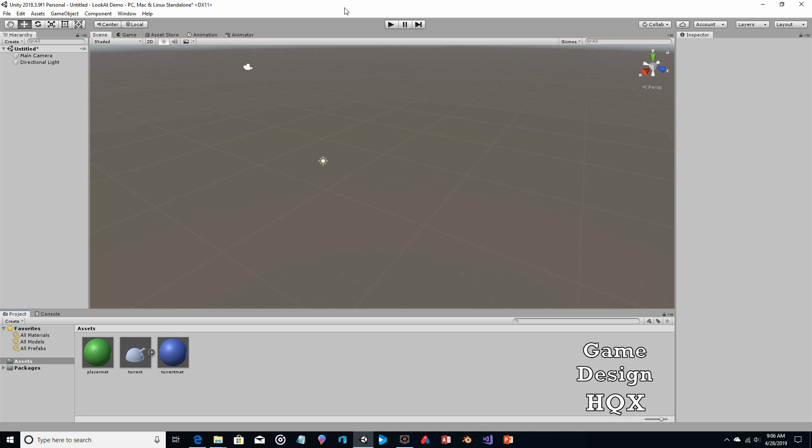In the last video I demonstrated how to have the camera facing an object even when the camera and the object are both in motion in different directions. At the end I had the cube face the camera. What that final step really ignored is the fact that since all sides of the cube look the same, it really didn't matter which side was facing the camera.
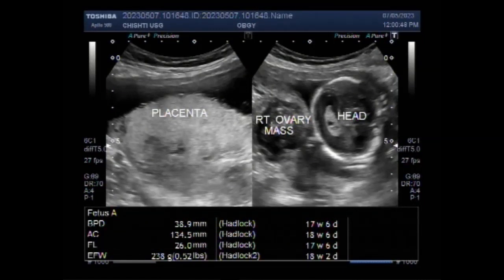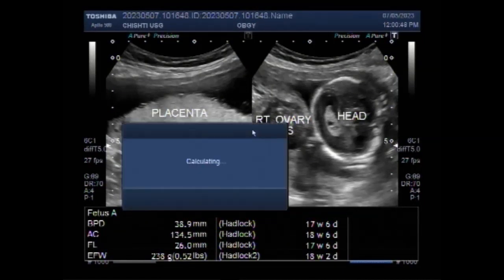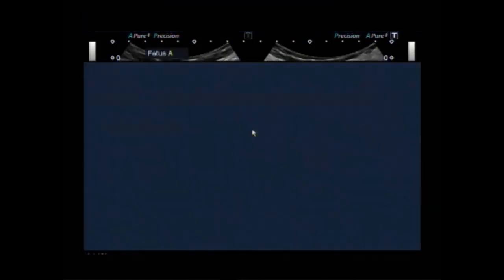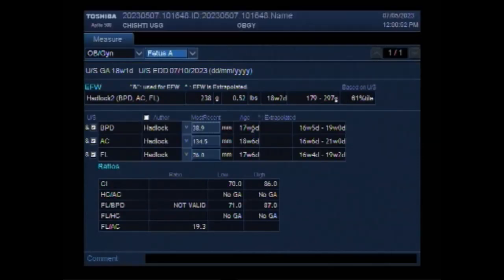Dear viewers, I hope you are all fine. This ultrasound video shows a pregnancy of about 18 weeks with a large ovarian mass.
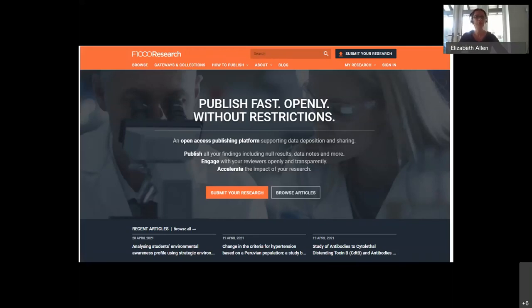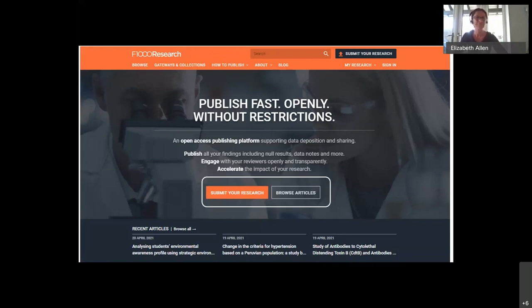So that's F1000 Research — that's the approach that we have, that's what you can publish on our platform already. You can submit work here already. I will send the links to you — it's available for researchers now.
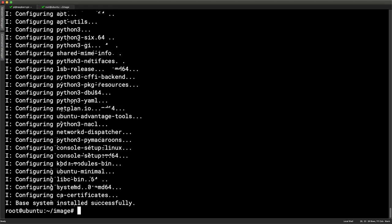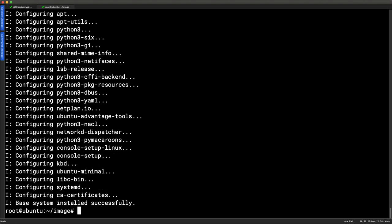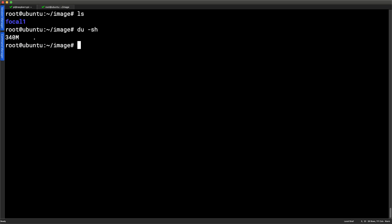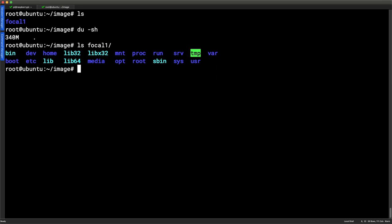The download has now finished — it took maybe a couple of minutes. If I run ls we can see the focal1 directory. Checking disk usage with du -sh we can see the total directory size is 340MB. The minimum base would be about 120MB. What debootstrap did was download and expand all packages into the target directory focal1, so we now have a full file system we can import.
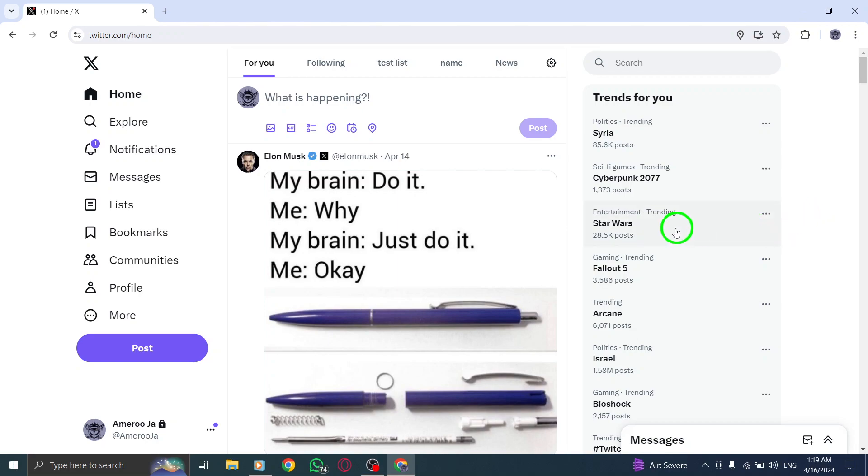Looking to safeguard your privacy on Twitter by hiding your birth date? Let's walk through the steps to do just that.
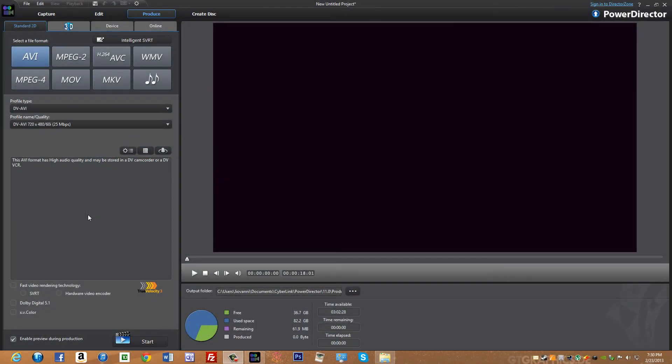Hello, today I'll be showing you what format to render your videos while using CyberLink PowerDirector 11.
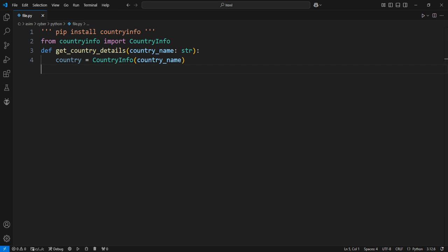Fetch the country's details in a dictionary format. The Info method gives us details about the country like capital, region, currency, and more. This method returns a dictionary with all available country information.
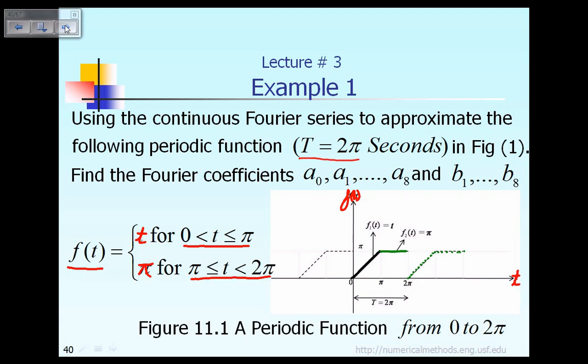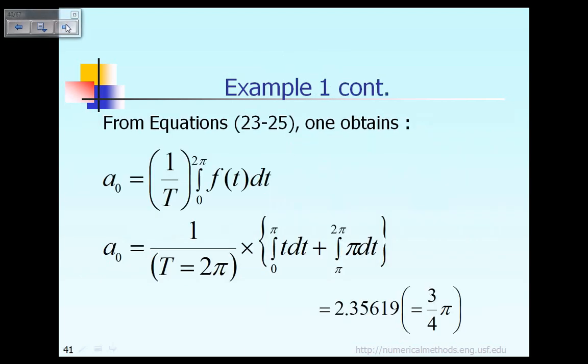Our job is to find the Fourier coefficient a0, the constants a1 through a8, and the values b1 through b8 as an example. Let's take a look at the next slide.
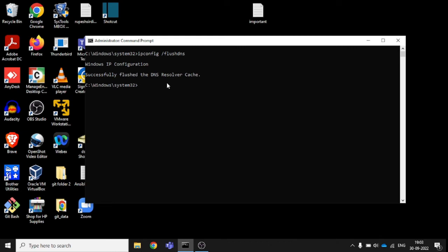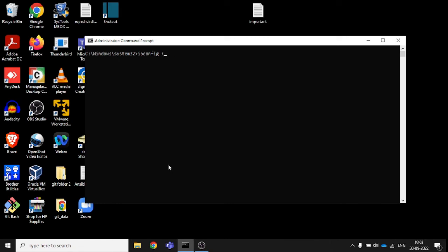And if you are having some issues with DHCP, also type ipconfig /release. That's it.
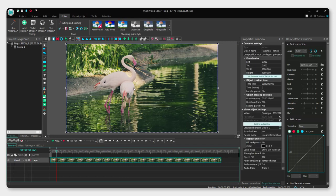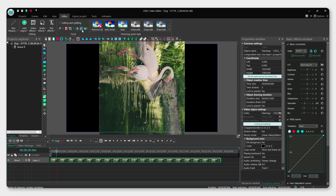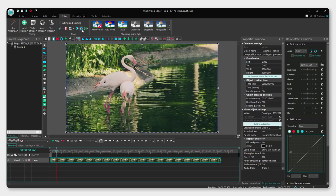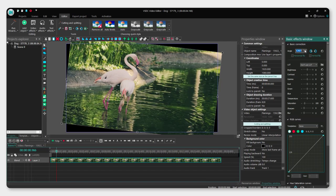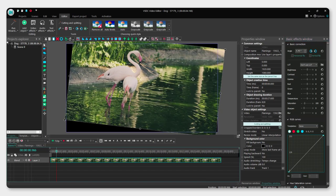To rotate the video, make sure that you are in the editor section. Select your clip and you can see the rotate option — rotate 19 degrees like this or like this. On the right side you can see the angle field and you can rotate it by angle to be more precise with this.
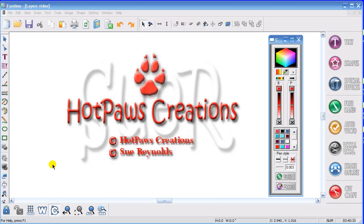Hi guys, this is Sue Reynolds. Some of you know me as Hot Paws on the Yahoo! Groups.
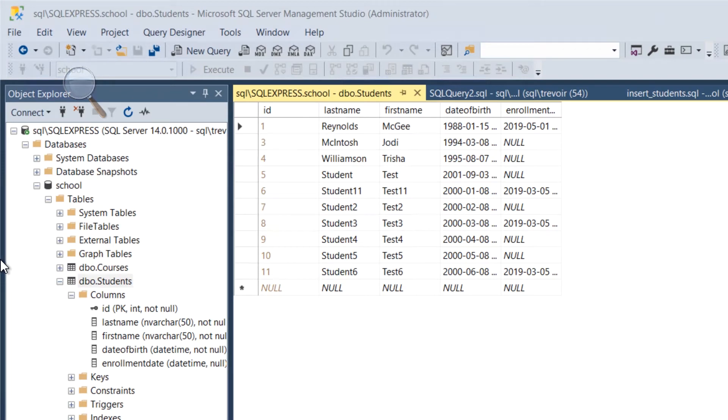...we see a tabular format like what we were describing from the earlier parts of these videos, showing us all of the data and the respective columns that these data points are in. So we see one - we didn't put any IDs into the system up until now...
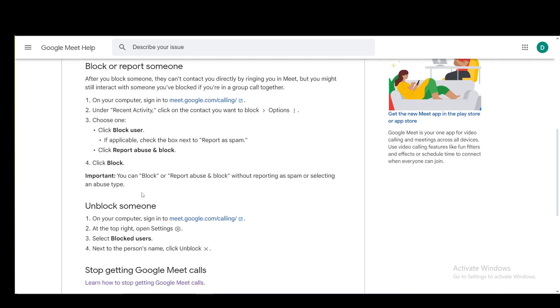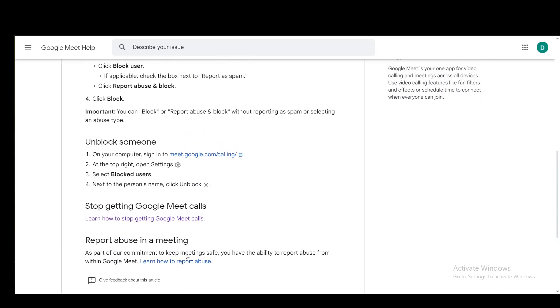You can also just click block. To unblock somebody, go to calling again, and at the top right open settings, then go to blocked users. Next to the person's name, click unblock.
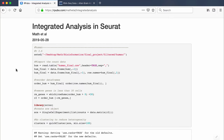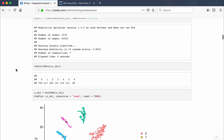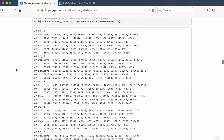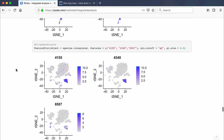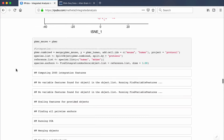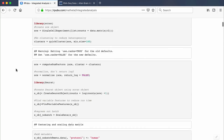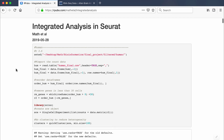Let's go ahead and get started. I'll be explaining what all the code does, and I'll put links to everything in the description box below — including a paper on how Seurat integrates objects, the publicly available dataset, and the R code itself.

◇ ◇ ◇ ◇

*Exercise directions:*
Output the lines, exactly: the first line of the entries above, every line after it, and the line with "And if you are" as the last. No pictures.

*Written response:*
In the last video I demonstrated how to have the camera facing an object even when the camera and the object are both in motion in different directions. At the end I had the cube face the camera. What that final step really ignored is the fact that since all sides of the cube look the same, it really didn't matter which side was facing the camera.
Dear viewers, I hope you are all fine. This ultrasound video shows a pregnancy of about 18 weeks with a large ovarian mass.
So that's F1000 Research — that's the approach that we have, that's what you can publish on our platform already. You can submit work here already. I will send the links to you — it's available for researchers now.
The download has now finished — it took maybe a couple of minutes. If I run ls we can see the focal1 directory. Checking disk usage with du -sh we can see the total directory size is 340MB. The minimum base would be about 120MB. What debootstrap did was download and expand all packages into the target directory focal1, so we now have a full file system we can import.
Looking to safeguard your privacy on Twitter by hiding your birth date? Let's walk through the steps to do just that.
Hello, today I'll be showing you what format to render your videos while using CyberLink PowerDirector 11.
Fetch the country's details in a dictionary format. The Info method gives us details about the country like capital, region, currency, and more. This method returns a dictionary with all available country information.
Our job is to find the Fourier coefficient a0, the constants a1 through a8, and the values b1 through b8 as an example. Let's take a look at the next slide.
And if you are having some issues with DHCP, also type ipconfig /release. That's it.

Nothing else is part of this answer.